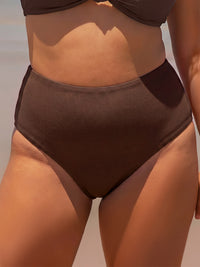 Women's Knit Nylon Plus Size Bikini Bottom Dark Coffee Sustainable Plus Size Bikinis - BERLOOK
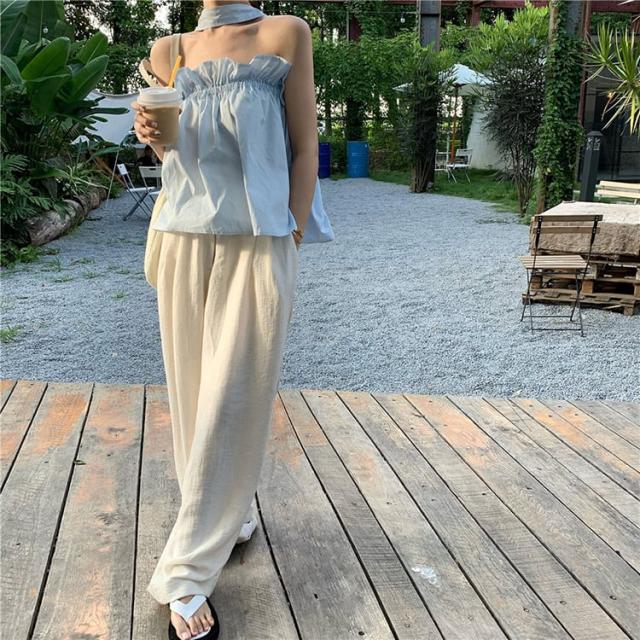 3色 トップス レディース ホルターネック l バックシャン 背中開き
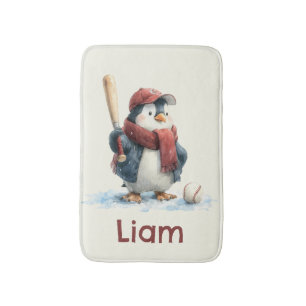 Personalisierter Winter-Pinguin-Baseball-Junior Badematte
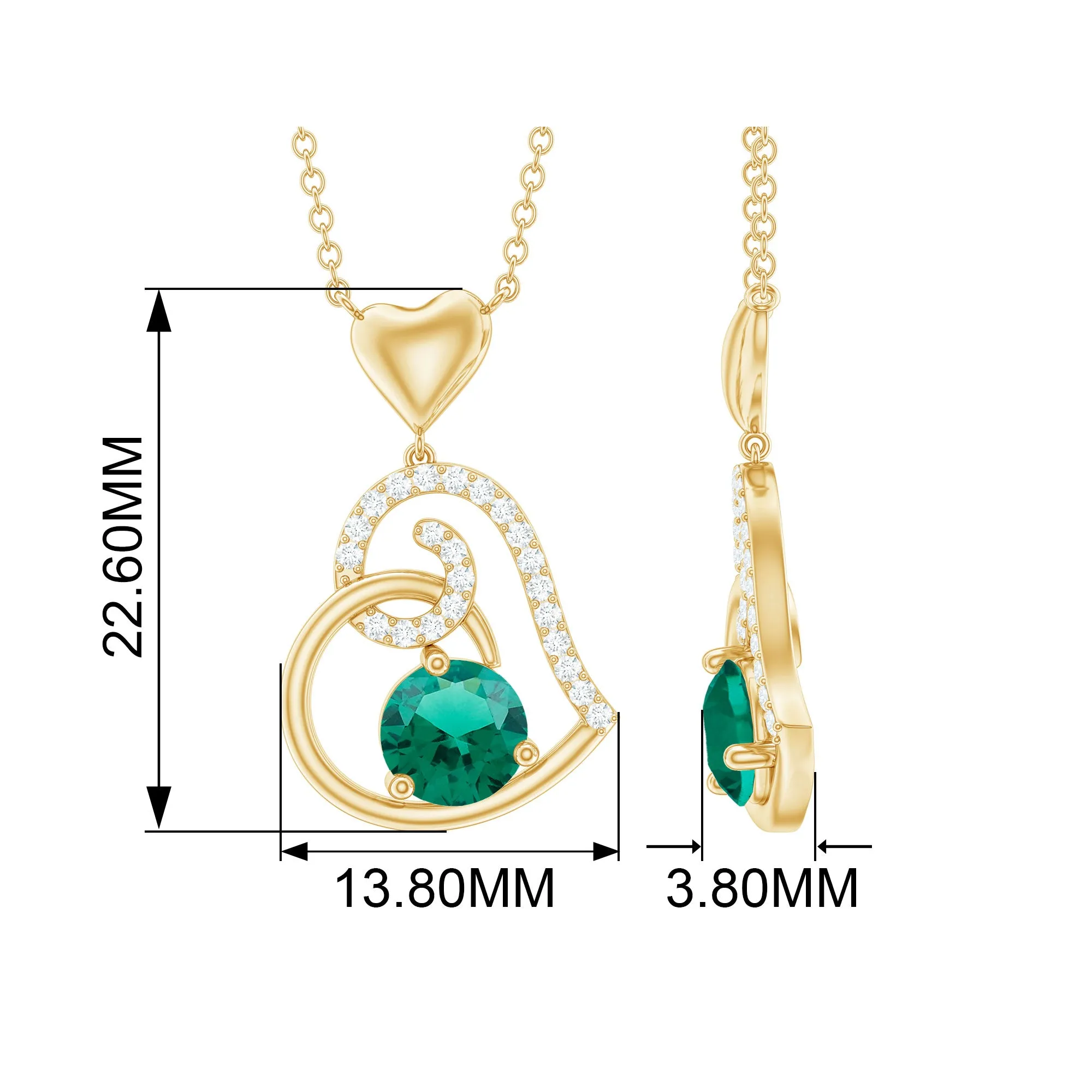 1 CT Created Emerald and Diamond Heart Drop Pendant
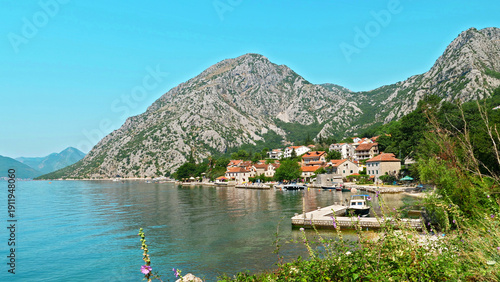 Canvas Print beautiful village by the lake with mountain, Montenegro
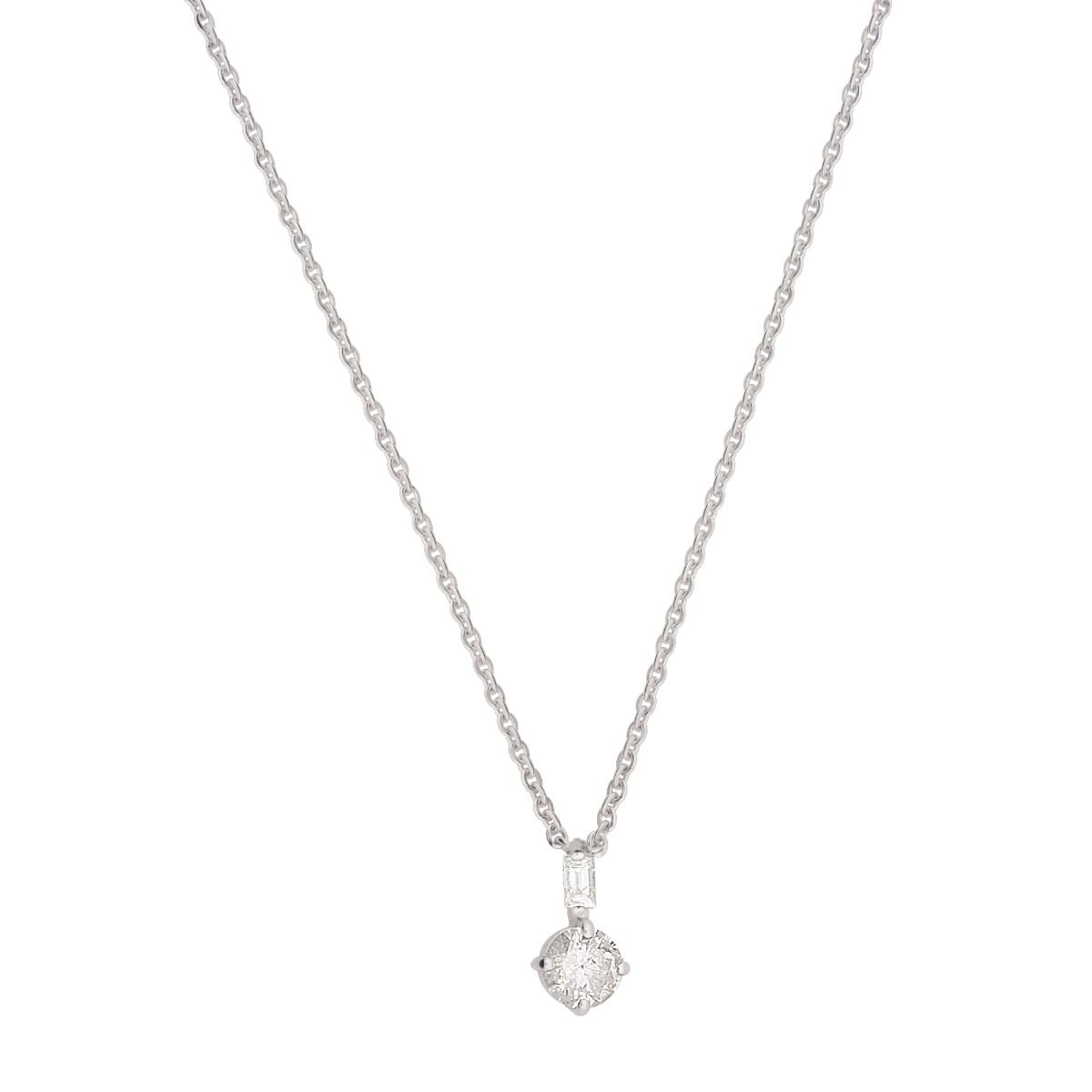 14k White Gold 0.65 Carat Si Clarity Hi Color Diamond Small Pendant For Girls & Women , Jewelry For Women , Gift For Her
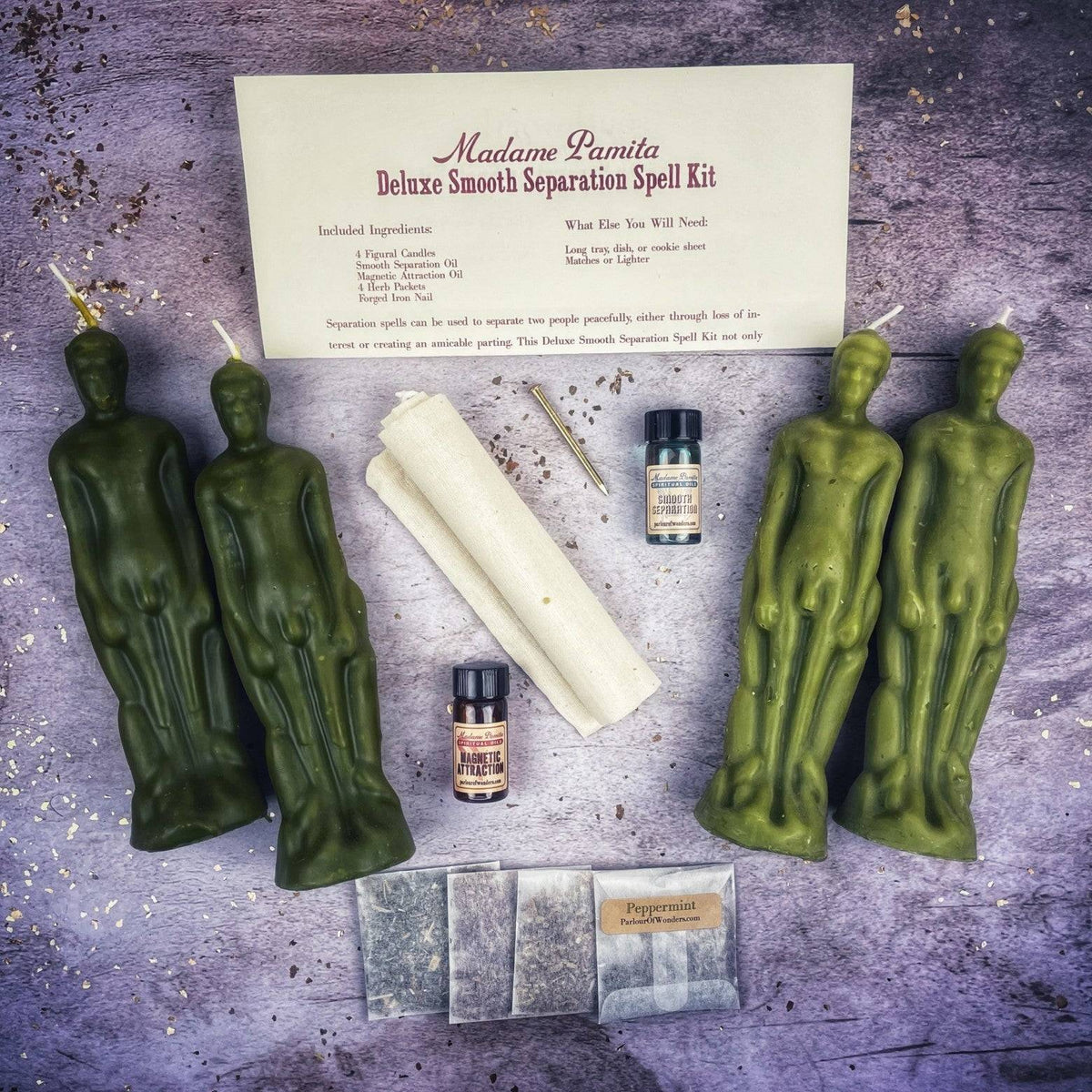 Deluxe Smooth Separation Candle Spell Kit – Male/Male Figures – Thorn & Thimble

——————————

▸ Your instructions
Give the listing above again word for word, without its pictures.

▸ Output of the exercise
 Women's Knit Nylon Plus Size Bikini Bottom Dark Coffee Sustainable Plus Size Bikinis - BERLOOK
 3色 トップス レディース ホルターネック l バックシャン 背中開き
 Personalisierter Winter-Pinguin-Baseball-Junior Badematte
 1 CT Created Emerald and Diamond Heart Drop Pendant
 Canvas Print beautiful village by the lake with mountain, Montenegro
 14k White Gold 0.65 Carat Si Clarity Hi Color Diamond Small Pendant For Girls & Women , Jewelry For Women , Gift For Her
 Deluxe Smooth Separation Candle Spell Kit – Male/Male Figures – Thorn & Thimble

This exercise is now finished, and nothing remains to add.